A ameaça é gravíssima – sugere retaliação por os jornais prejudicarem sucessivamente o PSD (mas não os outros partidos, que disso não se queixaram). Só que, como vem de Rio, a acusação não surpreende. Se fosse a primeira vez que o líder social-democrata se queixava da comunicação social em termos tão severos, dar-se-ia o benefício da dúvida. Só que não é a primeira vez, nem a segunda ou a terceira. Efectivamente, quando uma notícia o visa, Rio é rápido a disparar sentenças contra uma comunicação social hostil à sua mensagem. Antes que passemos o ano pré-eleitoral a observar tiros-nos-pés, convém assinalar os dois erros que essa atitude representa.

Primeiro, o problema não está na comunicação social (que, óbvio, tem os seus defeitos). O problema é a incompetência de Rio e do PSD na comunicação para o exterior (isto é, incapacidade em adaptar-se ao contexto e em passar uma mensagem política com eficácia). Não é preciso ser-se como Sócrates, obcecado com a imagem e viciado em propaganda, sacrificando para isso o conteúdo das medidas políticas. Mas, se Rio quer diferenciar-se pela solidez e seriedade das suas propostas (um bom princípio), não se pode esquecer que as boas ideias só terão adesão se forem bem explicadas e devidamente difundidas – ou seja, se forem bem comunicadas. Sendo ele o líder da oposição ao governo, essa sua disponibilidade para comunicar é imprescindível para fins de representação política. Só que essa disponibilidade é tímida e gera sucessivos mal-entendidos. Este fim-de-semana houve mais um exemplo, mas os episódios amontoam-se. E por mais que critique os jornais, os factos mostram que, dentro e fora do PSD, Rio e as suas ideias parecem ser indecifráveis.

O segundo erro na atitude de Rio está em fazer bandeira política da guerra à comunicação social.

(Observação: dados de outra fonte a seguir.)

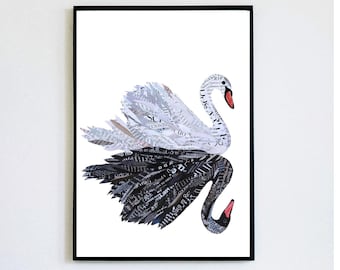 Arte de periódico con cisnes, obra de arte de pájaros en blanco y negro, impresión moderna de cisne como regalo único de decoración de pared.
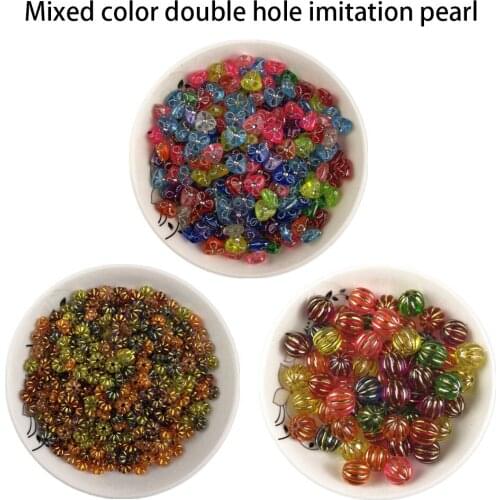 6-12mm Loose beads plum blossom peach heart love pearl double hole imitation pearl beaded handmade jewelry material accessories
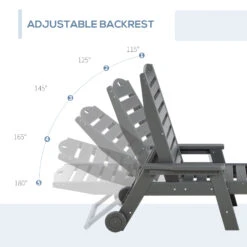 OUTSUNNY Outdoor Chaise Lounge Chair, Waterproof Pool Furniture With Reclining Adjustable Backrest & Wheels For Beach, Tanning, Poolside, Patio, Light Gray -Outsunny Cy3a0918595c275a7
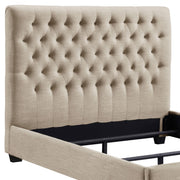 Chloe Upholstered Queen Panel Bed Oatmeal - 300007Q
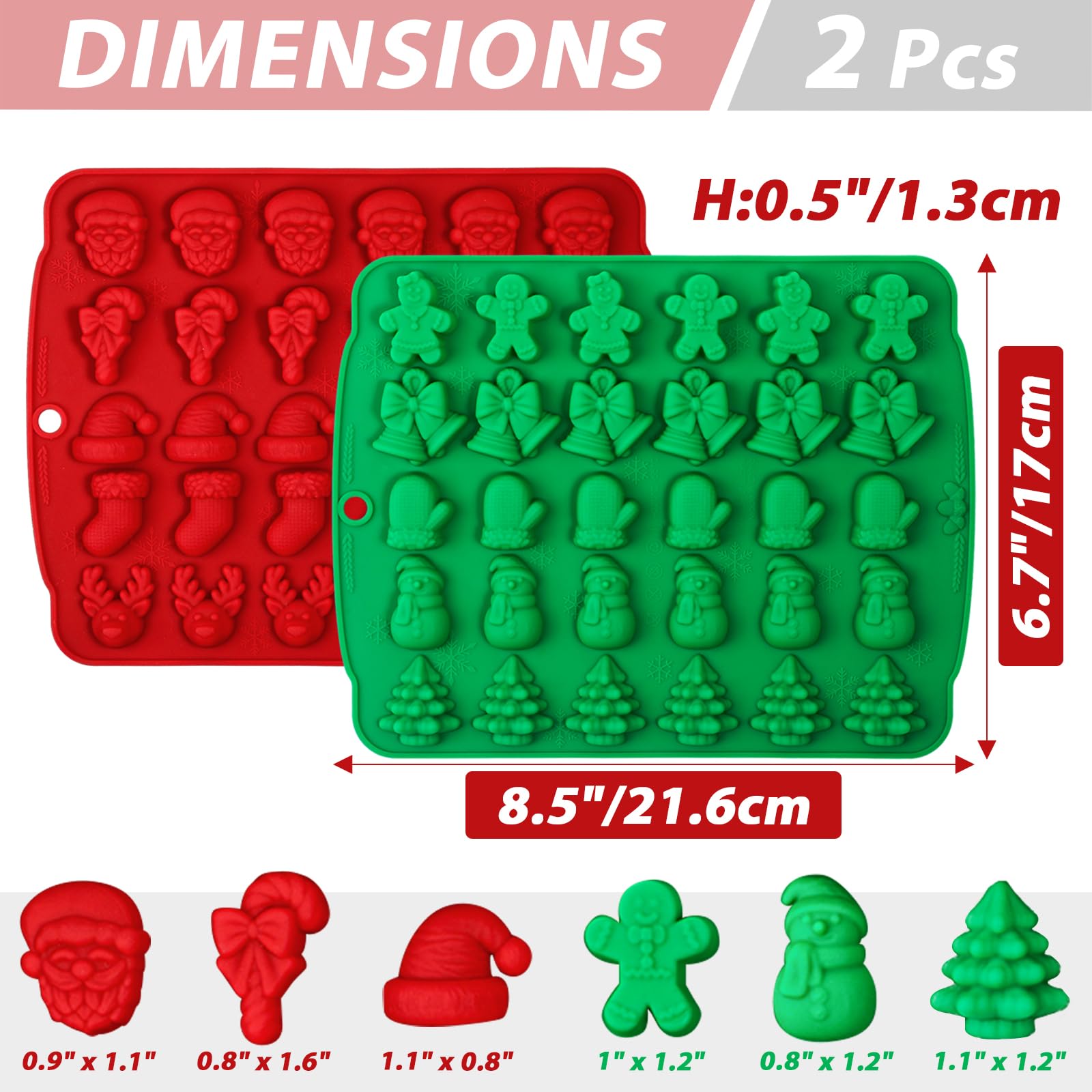 Kamehame Christmas Candy Molds, 2 Pcs 30 Cavity Christmas Gummy Molds, Silicone Christmas Chocolate Molds, Red & Green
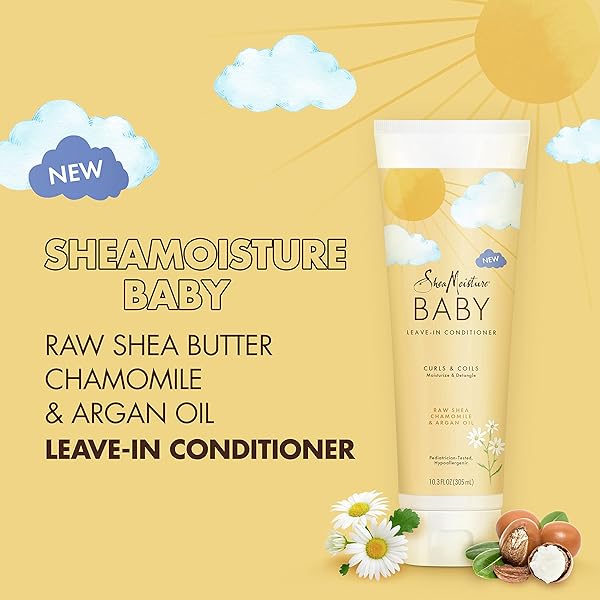 SHEAMOISTURE BABY LEAVE-IN CONDITIONER FOR CURLY HAIR RAW SHEA, CHAMOMILE AND ARGAN OIL MOISTURIZES AND HELPS DETANGLE DELICATE CURLS AND COILS 10.3 OZ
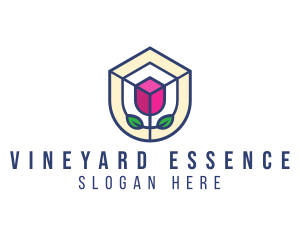 Mosaic Flower Shield logo design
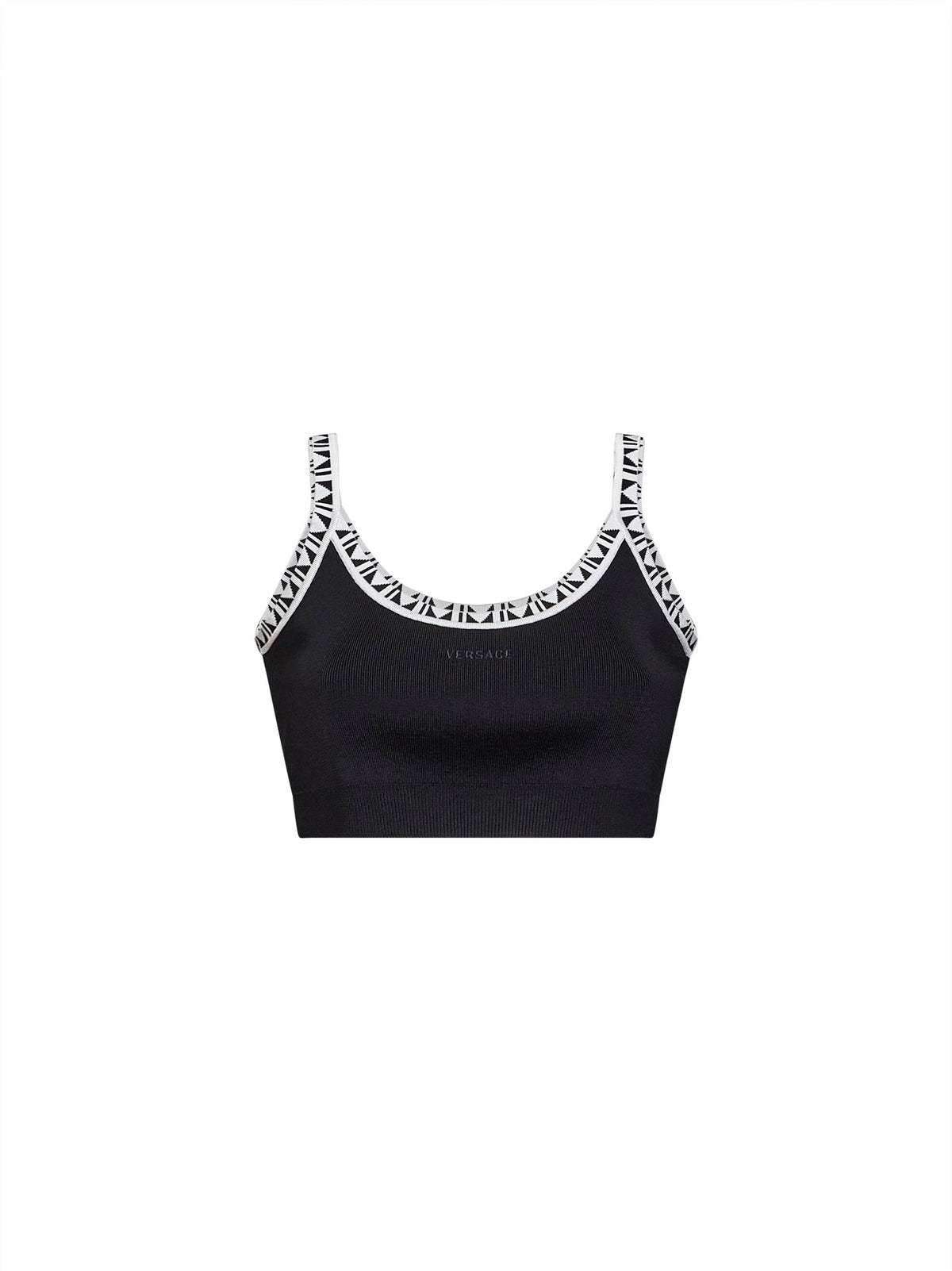 Versace Women Black Knit Cropped Top With Jacquard Details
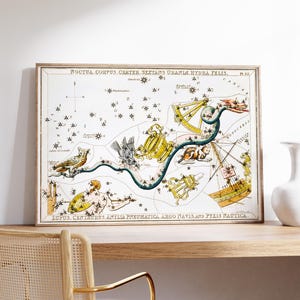 Noctua Celestial Sternenkarte Druck, Sternzeichen Poster, Konstellation Kunstwerk, Originales Astrologie Geschenk, personalisierte Dekoration, Astronomischer Druck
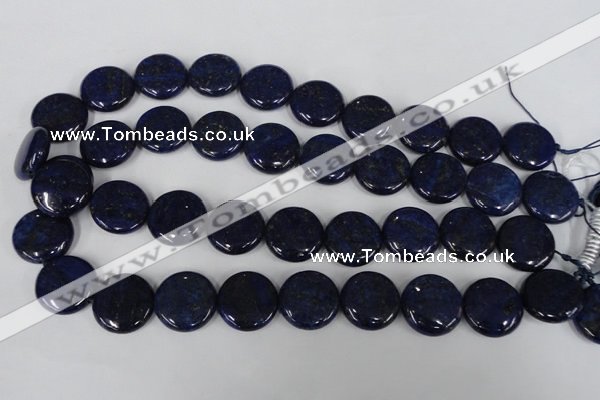 CNL456 15.5 inches 20mm flat round natural lapis lazuli beads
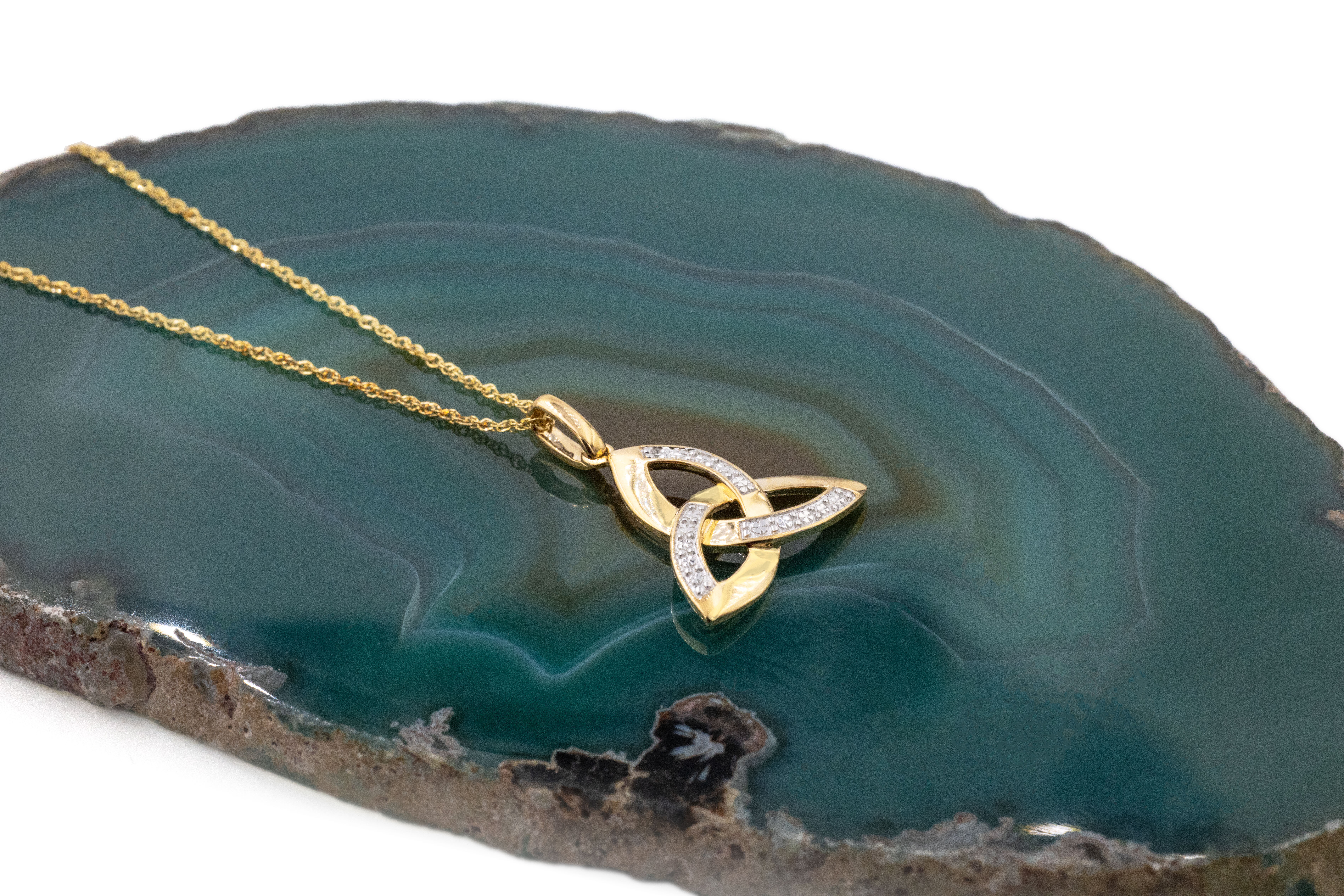 Womens Luxurious 14K Yellow Gold Celtic Knot & Trinity Knot Necklace. Pictured Flat.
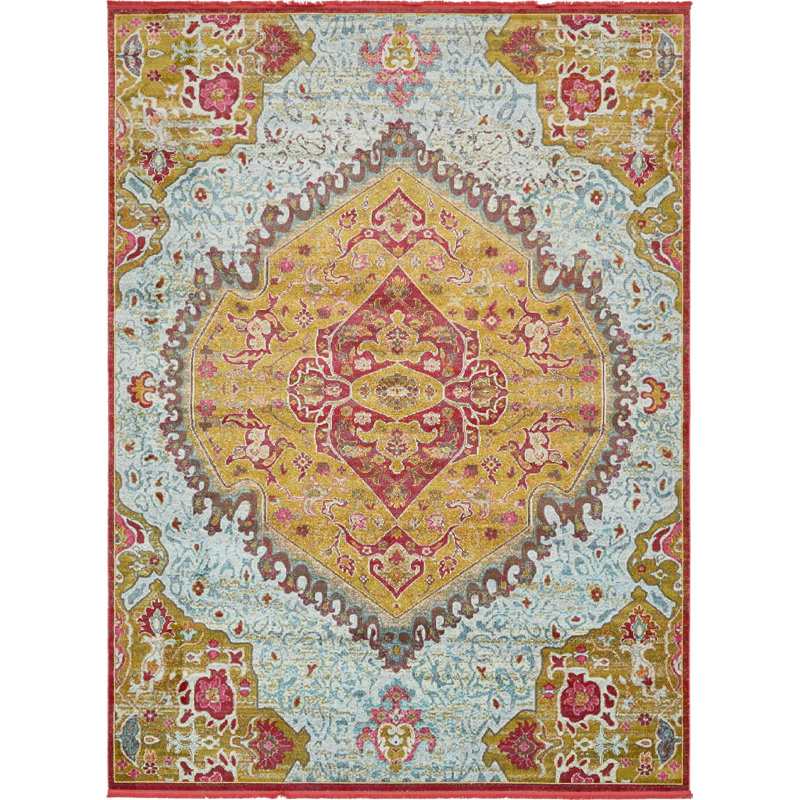 Tapis oriental jaune / rouge Folmar, Rectangle 2 pi 2 po x 3 pi 1 po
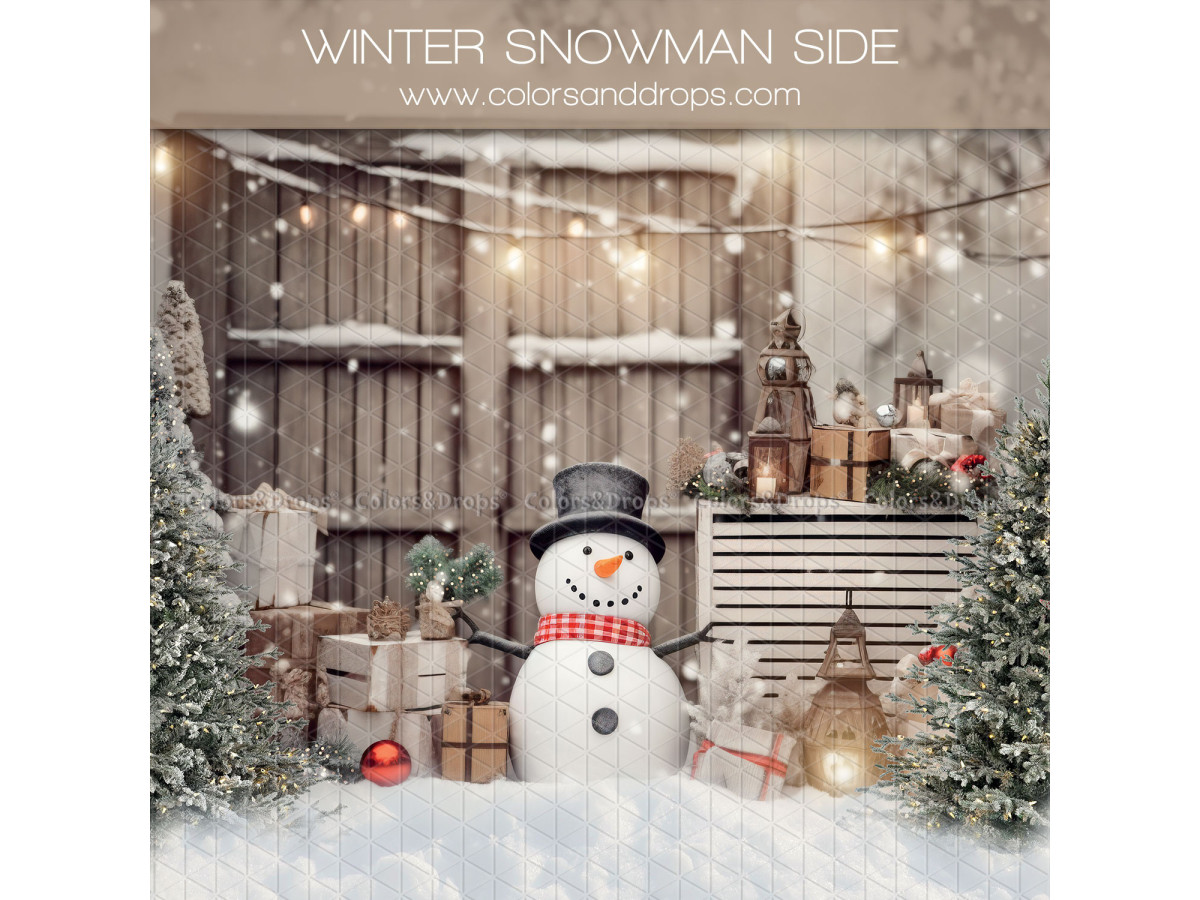 Fond photo d'angle de Noël Winter Snow Chalet + Neige – chalet et bonhomme de neige avec sol enneigé | Colors&Drops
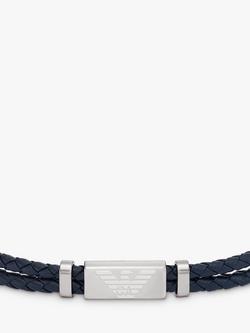 Emporio Armani Men's ID Leather Braided Cord Bracelet, Silver/Blue - view 2, Silver/Blue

É certo que não é de hoje que Rio identificou nos jornais uma espécie de oposição à sua pessoa (acusou disso mesmo o jornal Público, em 2005), chegando mesmo a afirmar que “a forma como a Comunicação Social exerce a sua função é um dos maiores problemas do regime. Soa-lhe familiar como crítica? É porque o é: temos ouvido diagnóstico similar por parte de vários populismos europeus e esta declaração em concreto está assustadoramente próxima de um tweet de Donald Trump. A coincidência não pressupõe adesões ideológicas, mas impõe a pergunta: que cidadão responsável ambicionará colocar em São Bento um indivíduo que, se pudesse, estrangularia a liberdade com que os órgãos de comunicação trabalham? O ponto é este: Rio, enquanto líder da oposição e candidato a primeiro-ministro, tem de manter uma relação saudável com os pilares do regime democrático. E tem sido sucessivamente incapaz de o fazer.

A relação entre política e comunicação social estreitou-se nos últimos anos: a internet móvel acelerou ainda mais a comunicação, os timings das reacções políticas encurtaram, o escrutínio é mais exigente e plural, as redes sociais interferem na percepção da realidade e a popularidade depende de crescente exposição mediática. Ora, quando se avalia a liderança de Rio no PSD, um debate possível (e conjuntural) poderia ser se este se adaptaria aos novos tempos – e está claro que até agora não se quis adaptar. Mas o seu mau relacionamento com a comunicação social e o recente anúncio de um eventual boicote aos jornais tornaram a questão estrutural e servem de alerta: Rio mantém uma visão conflituosa e redutora do escrutínio imposto pela comunicação social à política. Se isso não mudar até 2019, os seus valores democráticos não terão o vigor recomendável a quem exerce o cargo de primeiro-ministro.